## Work order
The lines from the one holding "vidaXL Sofa Kruk met Opslag Zwart Fluweel" through the end of the records below are to be written out exactly, and nothing else; pictures are to be left out.

## Extracted data
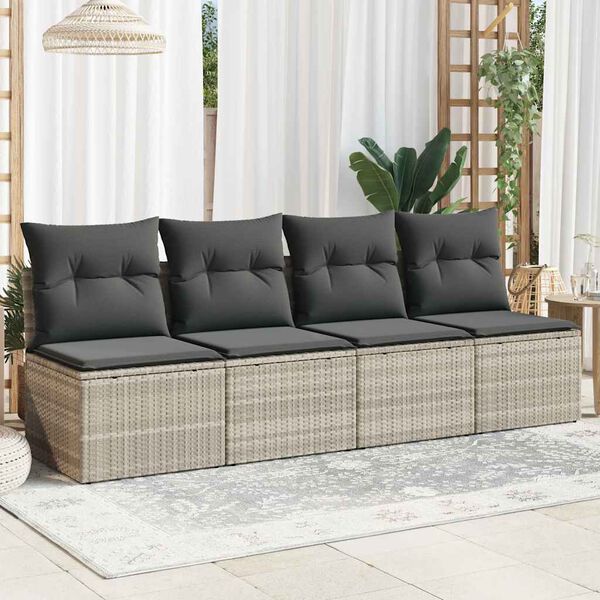 vidaXL Canap&eacute; de jardin et coussins 4 places gris clair r&eacute;sine tress&eacute;e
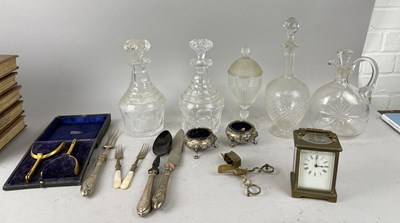 Lot 565 - CEREMONIAL GILT SPURS BY MAXWELL OF LONDON, TOGETHER WITH SILVER HANDLE CUTLERY, DECANTERS, INCLUDING GEORGIAN, FRENCH MANTEL CLOCK, NUTCRACKER, PLATED SALTS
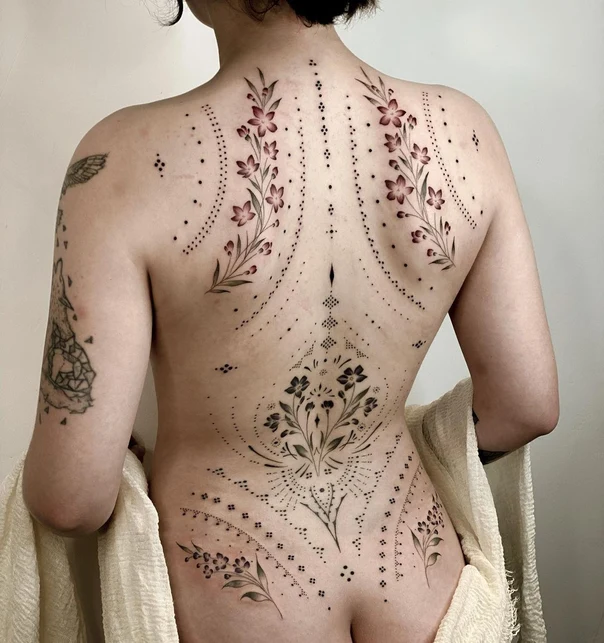Fineline Flowers, Dotwork tattoo on Full Back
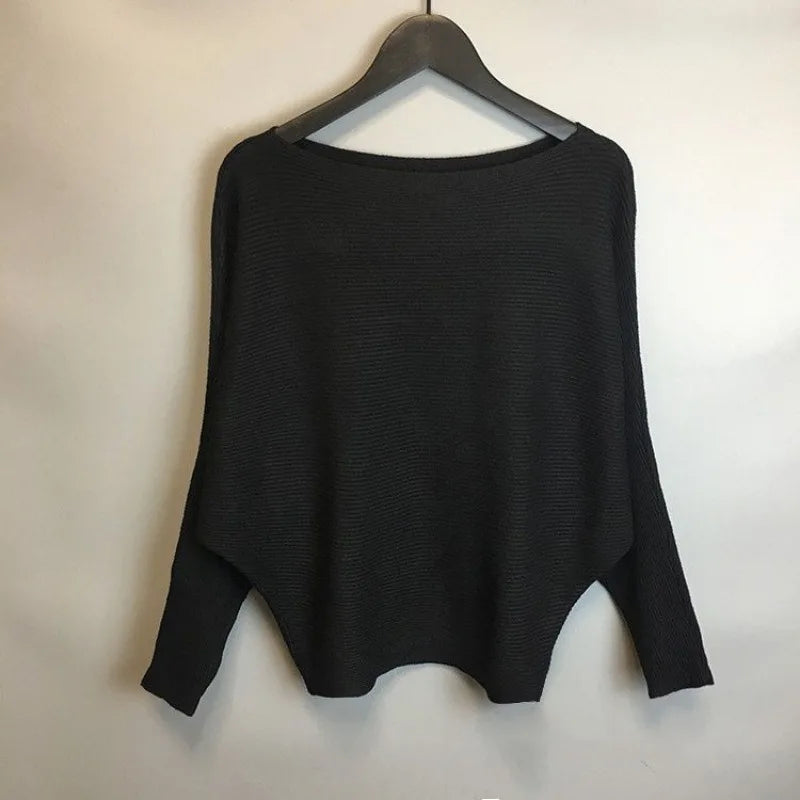Women's One line Neck Bat Sweater Knitted Pullover Loose and Simple Long Sleeve Solid Color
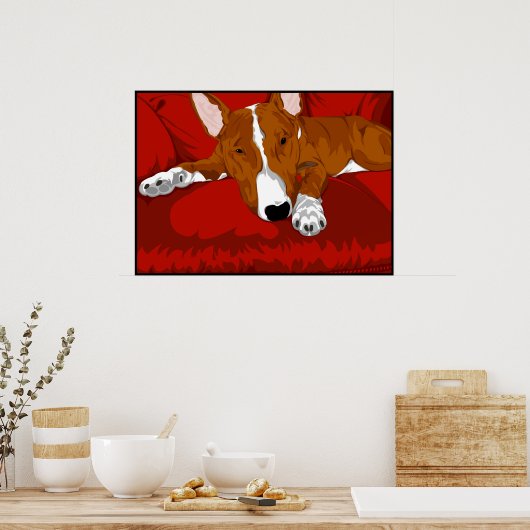 Lazy English Bull Terrier Poster (Küche)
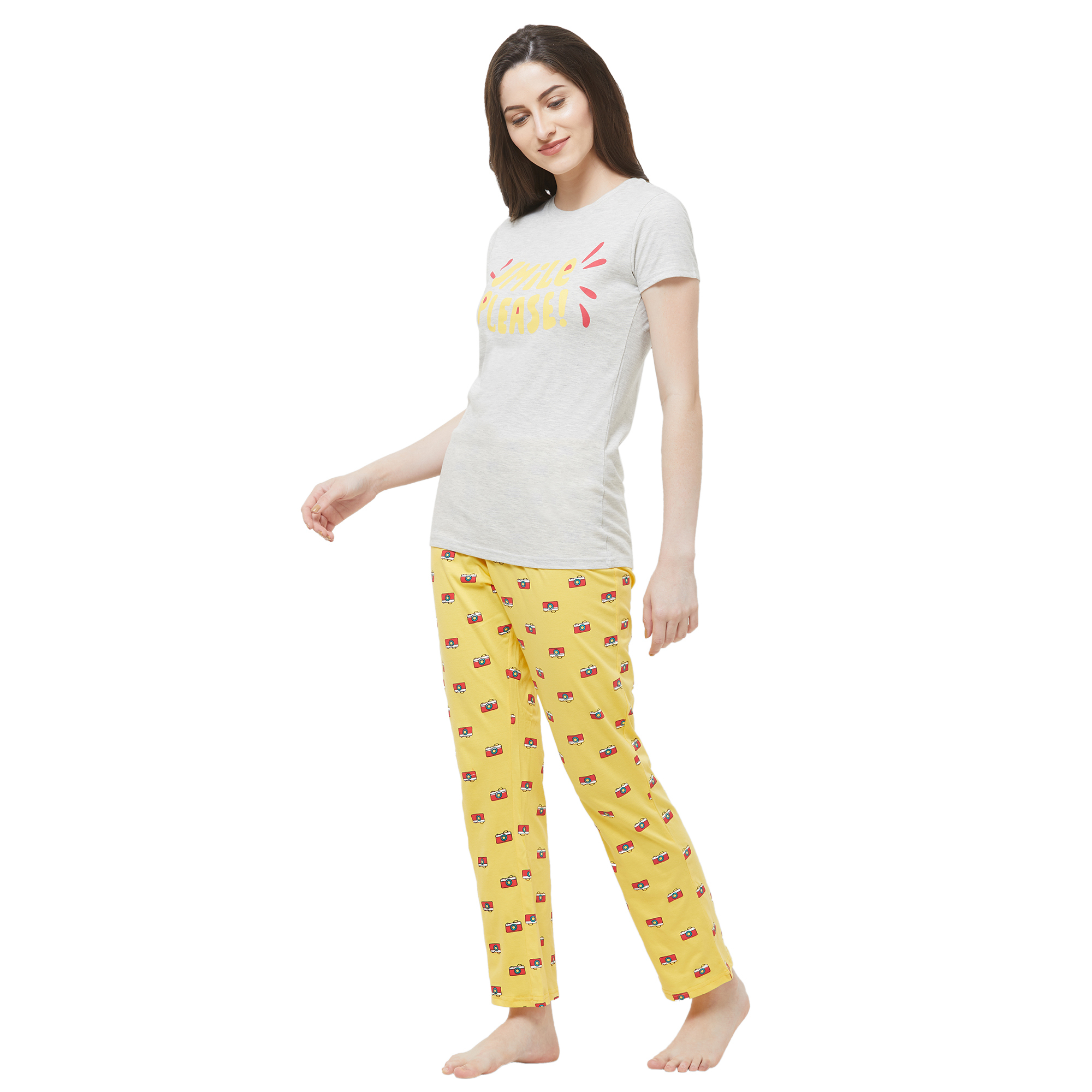 Evolove Womens Printed Pajama T Shirt Sets (Evo27) - Color: Ekru & Yellow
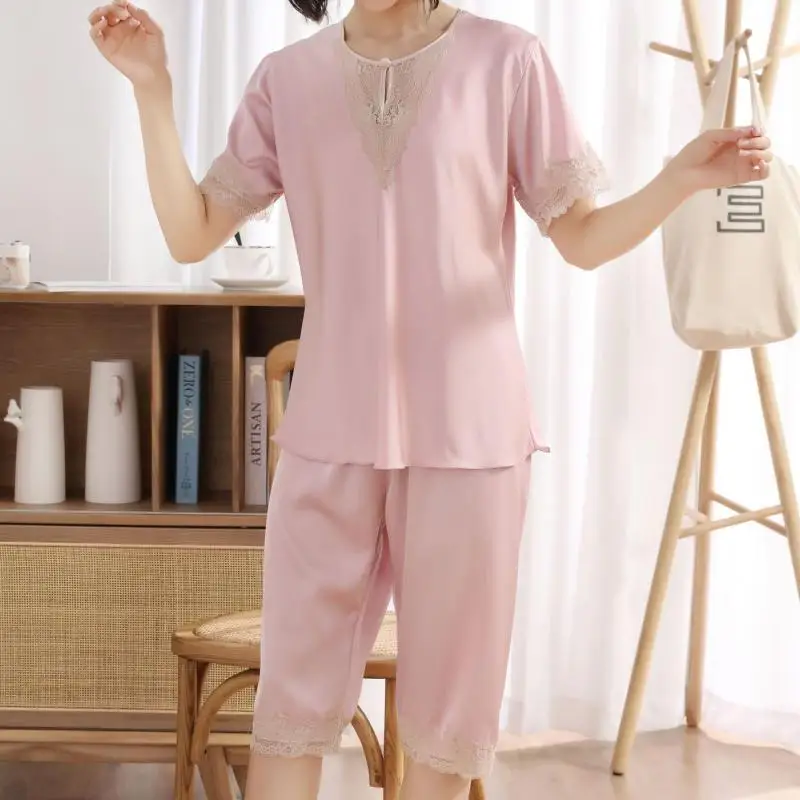 

Satin Pajamas Set Women Sleepwear Lounge Wear Lace Patchwork Nightwear Soft Intimate Lingerie Loose Home Clothes Pyjamas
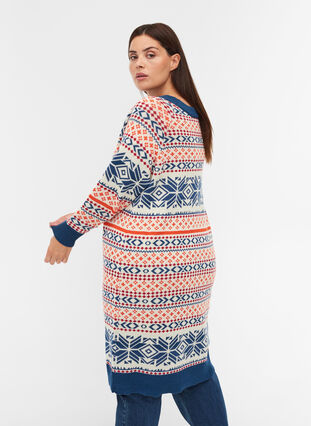 Patterned knitted dress with a round neck and long sleeves, Night Sky Comb, Model image number 1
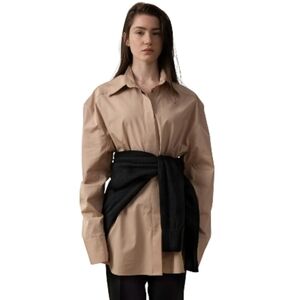 A LINE Boyfriend Shirt Button Down Camel Women's Small Medium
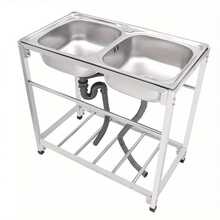 YUNRUX 2-Bowl Kitchen Sink, Freestanding Commercial Sink Made Of Stainless Steel - Silver - View 6
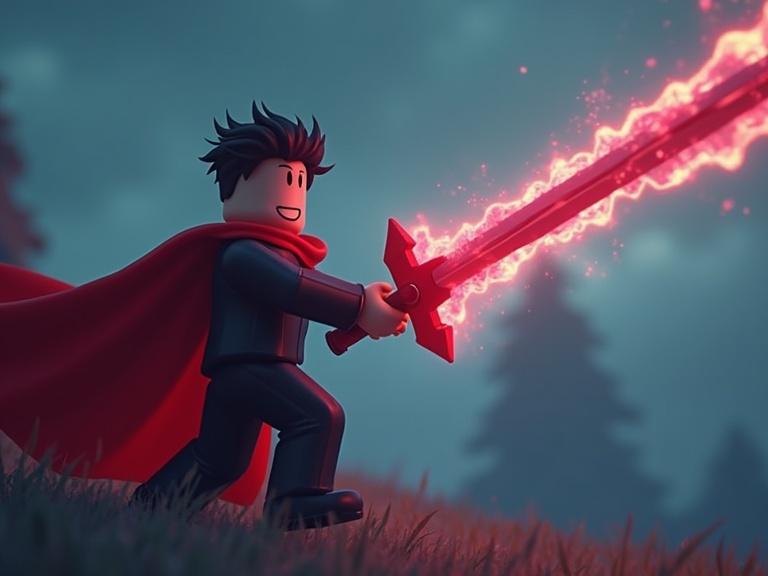 Thumbnail design for Roblox ARPG game. Roblox character attacks in the air. Sword emits an epic glowing trail. Character wears a cape. Background features dark forest. Dramatic colors and lighting create an action-packed scene.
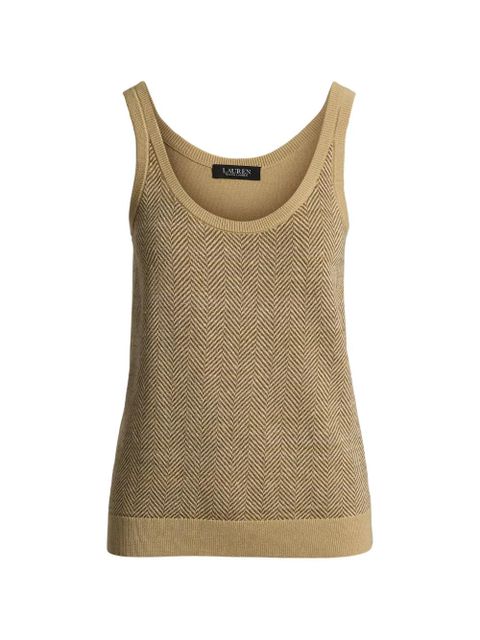 Lauren Ralph Lauren herringbone-knit top - Brown - zdjęcie produktu nr 1
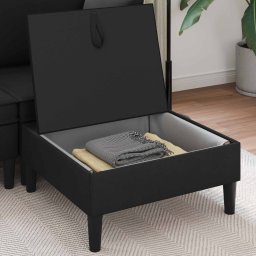 vidaXL Sofa Kruk met Opslag Zwart Fluweel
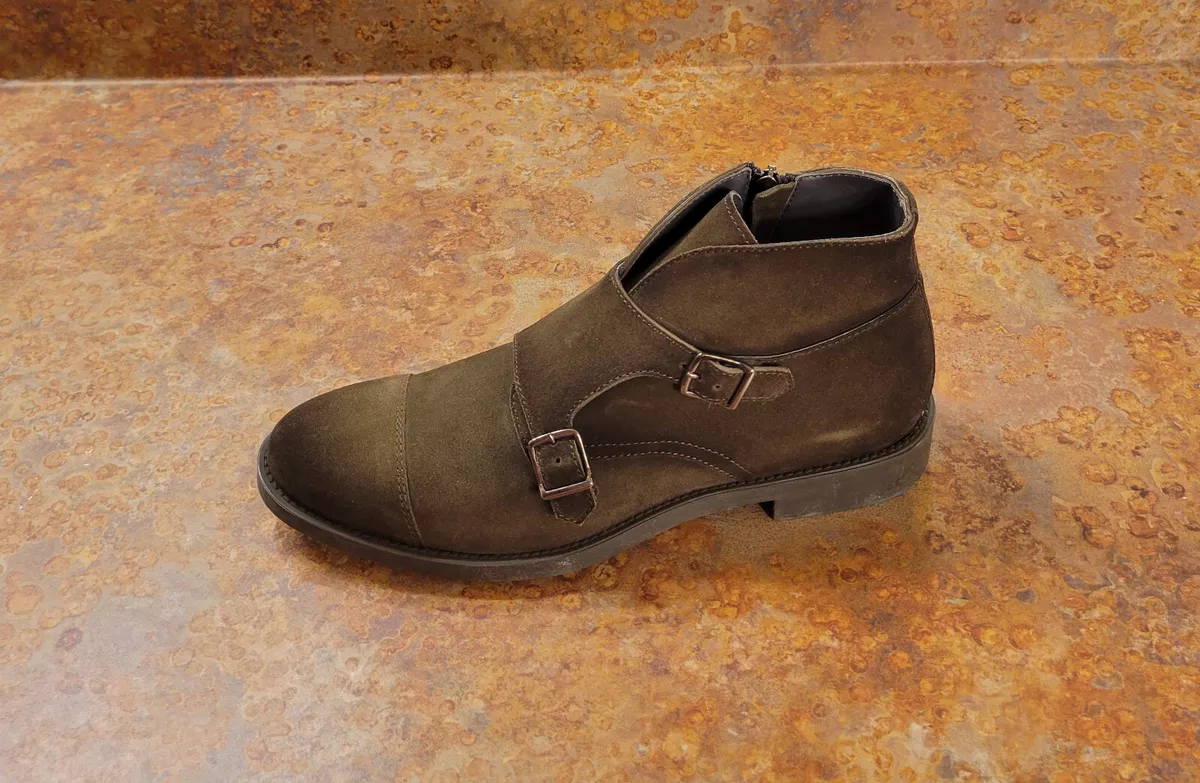 To boot top double monk strap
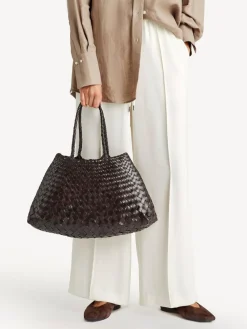 Outlet Dragon Diffusion Santa Croce Large Woven Bag Dark Brown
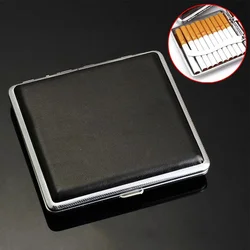 20 Sticks Gift for Men's Leather Cigarette Box Cigar Case Metal Leather Smoking Accessories Cigarette Lady Storage Cover Hold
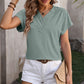 Mandy Textured Surplice Short Sleeve Blouse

## Answer space
 vidaXL Sofa Kruk met Opslag Zwart Fluweel
 To boot top double monk strap
 Outlet Dragon Diffusion Santa Croce Large Woven Bag Dark Brown
 20 Sticks Gift for Men's Leather Cigarette Box Cigar Case Metal Leather Smoking Accessories Cigarette Lady Storage Cover Hold
 Mandy Textured Surplice Short Sleeve Blouse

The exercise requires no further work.